(Web page caption snippets)
───
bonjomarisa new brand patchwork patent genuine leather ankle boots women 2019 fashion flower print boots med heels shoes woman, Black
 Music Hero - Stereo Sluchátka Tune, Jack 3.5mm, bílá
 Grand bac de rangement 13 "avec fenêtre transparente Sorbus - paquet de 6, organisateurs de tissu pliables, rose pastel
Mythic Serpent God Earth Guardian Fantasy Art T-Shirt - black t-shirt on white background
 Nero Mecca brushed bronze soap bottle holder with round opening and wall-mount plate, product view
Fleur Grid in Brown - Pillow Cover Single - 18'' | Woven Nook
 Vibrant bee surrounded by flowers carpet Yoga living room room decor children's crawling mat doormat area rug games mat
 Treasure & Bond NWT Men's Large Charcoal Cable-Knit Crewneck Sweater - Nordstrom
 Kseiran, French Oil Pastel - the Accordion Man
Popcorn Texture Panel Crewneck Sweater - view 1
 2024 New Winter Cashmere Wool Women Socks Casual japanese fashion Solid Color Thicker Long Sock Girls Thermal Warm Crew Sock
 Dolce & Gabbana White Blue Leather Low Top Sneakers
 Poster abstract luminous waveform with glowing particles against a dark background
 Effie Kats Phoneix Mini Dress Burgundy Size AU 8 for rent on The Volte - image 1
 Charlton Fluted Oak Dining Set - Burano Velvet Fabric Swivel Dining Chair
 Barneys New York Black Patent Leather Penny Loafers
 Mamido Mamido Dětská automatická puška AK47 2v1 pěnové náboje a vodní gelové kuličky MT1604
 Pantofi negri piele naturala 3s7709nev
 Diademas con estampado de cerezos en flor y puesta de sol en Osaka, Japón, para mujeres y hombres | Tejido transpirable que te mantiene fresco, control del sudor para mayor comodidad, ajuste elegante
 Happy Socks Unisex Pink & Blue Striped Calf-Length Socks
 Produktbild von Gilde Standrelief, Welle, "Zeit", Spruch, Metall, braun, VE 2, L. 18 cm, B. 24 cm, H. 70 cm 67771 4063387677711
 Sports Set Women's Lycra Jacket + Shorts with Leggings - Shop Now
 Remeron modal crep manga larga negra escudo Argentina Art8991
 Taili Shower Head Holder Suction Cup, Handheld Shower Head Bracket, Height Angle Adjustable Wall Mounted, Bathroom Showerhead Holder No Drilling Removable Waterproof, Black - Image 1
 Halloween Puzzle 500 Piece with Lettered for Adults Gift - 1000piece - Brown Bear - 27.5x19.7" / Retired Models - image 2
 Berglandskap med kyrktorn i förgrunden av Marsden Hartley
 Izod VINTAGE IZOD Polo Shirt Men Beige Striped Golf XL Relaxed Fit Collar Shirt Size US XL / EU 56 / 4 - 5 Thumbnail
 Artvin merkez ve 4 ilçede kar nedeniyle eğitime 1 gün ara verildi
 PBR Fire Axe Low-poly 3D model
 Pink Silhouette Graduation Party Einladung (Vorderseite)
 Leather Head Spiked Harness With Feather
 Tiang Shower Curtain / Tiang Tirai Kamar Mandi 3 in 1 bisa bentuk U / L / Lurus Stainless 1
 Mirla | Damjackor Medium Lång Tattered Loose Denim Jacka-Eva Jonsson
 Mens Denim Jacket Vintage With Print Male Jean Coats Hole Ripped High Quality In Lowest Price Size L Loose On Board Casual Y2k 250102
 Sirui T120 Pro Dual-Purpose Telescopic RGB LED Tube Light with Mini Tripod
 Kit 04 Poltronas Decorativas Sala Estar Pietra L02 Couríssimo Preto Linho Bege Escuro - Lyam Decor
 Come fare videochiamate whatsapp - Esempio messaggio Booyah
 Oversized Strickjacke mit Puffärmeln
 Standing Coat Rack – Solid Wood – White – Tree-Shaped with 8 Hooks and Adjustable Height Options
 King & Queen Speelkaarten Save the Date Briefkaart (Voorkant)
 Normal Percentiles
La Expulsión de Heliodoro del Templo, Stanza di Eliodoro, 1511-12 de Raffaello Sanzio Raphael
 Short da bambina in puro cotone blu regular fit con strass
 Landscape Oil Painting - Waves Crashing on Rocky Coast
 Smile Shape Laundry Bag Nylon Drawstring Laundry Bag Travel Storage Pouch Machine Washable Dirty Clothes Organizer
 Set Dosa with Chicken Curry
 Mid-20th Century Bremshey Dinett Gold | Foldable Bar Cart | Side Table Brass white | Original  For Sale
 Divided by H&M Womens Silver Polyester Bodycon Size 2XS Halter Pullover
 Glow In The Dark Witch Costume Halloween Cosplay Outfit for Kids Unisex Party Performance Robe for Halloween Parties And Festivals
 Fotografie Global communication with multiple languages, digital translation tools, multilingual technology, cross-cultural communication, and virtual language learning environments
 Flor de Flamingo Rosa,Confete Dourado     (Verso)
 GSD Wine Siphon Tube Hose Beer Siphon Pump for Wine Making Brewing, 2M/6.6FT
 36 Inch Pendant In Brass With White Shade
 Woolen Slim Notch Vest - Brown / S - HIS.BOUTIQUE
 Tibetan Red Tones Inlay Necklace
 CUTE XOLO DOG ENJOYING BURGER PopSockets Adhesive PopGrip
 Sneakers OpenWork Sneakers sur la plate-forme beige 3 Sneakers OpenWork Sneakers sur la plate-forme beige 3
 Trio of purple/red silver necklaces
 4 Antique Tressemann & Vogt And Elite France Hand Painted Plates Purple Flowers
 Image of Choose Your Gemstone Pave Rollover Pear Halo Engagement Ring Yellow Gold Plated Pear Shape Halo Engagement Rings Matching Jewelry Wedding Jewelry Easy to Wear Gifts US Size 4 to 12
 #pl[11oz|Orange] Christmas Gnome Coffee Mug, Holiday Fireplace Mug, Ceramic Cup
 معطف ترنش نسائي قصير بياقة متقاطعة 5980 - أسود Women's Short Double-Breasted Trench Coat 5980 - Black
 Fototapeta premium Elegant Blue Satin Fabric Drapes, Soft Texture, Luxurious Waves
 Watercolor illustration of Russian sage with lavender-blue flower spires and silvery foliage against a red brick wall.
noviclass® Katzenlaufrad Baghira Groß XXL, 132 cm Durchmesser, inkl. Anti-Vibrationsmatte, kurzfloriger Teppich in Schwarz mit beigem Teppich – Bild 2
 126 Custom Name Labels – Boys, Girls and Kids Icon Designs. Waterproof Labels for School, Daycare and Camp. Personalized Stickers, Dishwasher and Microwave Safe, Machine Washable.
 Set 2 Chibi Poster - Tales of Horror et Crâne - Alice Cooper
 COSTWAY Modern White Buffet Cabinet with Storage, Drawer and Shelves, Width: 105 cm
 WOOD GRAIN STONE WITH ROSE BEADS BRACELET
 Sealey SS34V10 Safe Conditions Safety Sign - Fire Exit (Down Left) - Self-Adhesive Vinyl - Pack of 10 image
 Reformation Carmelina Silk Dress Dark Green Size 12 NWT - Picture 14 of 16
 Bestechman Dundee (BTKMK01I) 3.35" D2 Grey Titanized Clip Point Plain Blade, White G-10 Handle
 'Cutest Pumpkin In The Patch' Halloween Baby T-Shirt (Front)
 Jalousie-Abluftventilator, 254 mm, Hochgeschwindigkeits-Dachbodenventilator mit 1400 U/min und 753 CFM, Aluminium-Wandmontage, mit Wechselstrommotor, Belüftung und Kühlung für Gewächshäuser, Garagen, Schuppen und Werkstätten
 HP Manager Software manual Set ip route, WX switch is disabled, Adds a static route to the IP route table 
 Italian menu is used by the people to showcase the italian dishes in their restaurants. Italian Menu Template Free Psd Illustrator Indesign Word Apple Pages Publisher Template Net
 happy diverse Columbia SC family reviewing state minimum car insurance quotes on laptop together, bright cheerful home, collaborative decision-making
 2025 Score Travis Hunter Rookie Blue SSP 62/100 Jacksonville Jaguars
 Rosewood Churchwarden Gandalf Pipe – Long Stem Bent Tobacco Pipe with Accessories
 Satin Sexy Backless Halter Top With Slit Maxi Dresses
───
Among the entries above, the lines between the ones containing "COSTWAY Modern White" and "HP Manager Software", inclusive, are to be transcribed exactly. No other line is to be given.

 COSTWAY Modern White Buffet Cabinet with Storage, Drawer and Shelves, Width: 105 cm
 WOOD GRAIN STONE WITH ROSE BEADS BRACELET
 Sealey SS34V10 Safe Conditions Safety Sign - Fire Exit (Down Left) - Self-Adhesive Vinyl - Pack of 10 image
 Reformation Carmelina Silk Dress Dark Green Size 12 NWT - Picture 14 of 16
 Bestechman Dundee (BTKMK01I) 3.35" D2 Grey Titanized Clip Point Plain Blade, White G-10 Handle
 'Cutest Pumpkin In The Patch' Halloween Baby T-Shirt (Front)
 Jalousie-Abluftventilator, 254 mm, Hochgeschwindigkeits-Dachbodenventilator mit 1400 U/min und 753 CFM, Aluminium-Wandmontage, mit Wechselstrommotor, Belüftung und Kühlung für Gewächshäuser, Garagen, Schuppen und Werkstätten
 HP Manager Software manual Set ip route, WX switch is disabled, Adds a static route to the IP route table 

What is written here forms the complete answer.